**Task item:**
Below is a listing; repeat exactly the lines from the one containing "A hand tracing" to the one containing "a living room", both included.

**Data for the task:**
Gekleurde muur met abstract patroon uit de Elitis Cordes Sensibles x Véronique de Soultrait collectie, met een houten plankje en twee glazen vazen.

==

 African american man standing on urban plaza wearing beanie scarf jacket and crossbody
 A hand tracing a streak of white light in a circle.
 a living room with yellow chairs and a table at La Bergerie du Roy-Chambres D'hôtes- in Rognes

**Response to the task:**
 A hand tracing a streak of white light in a circle.
 a living room with yellow chairs and a table at La Bergerie du Roy-Chambres D'hôtes- in Rognes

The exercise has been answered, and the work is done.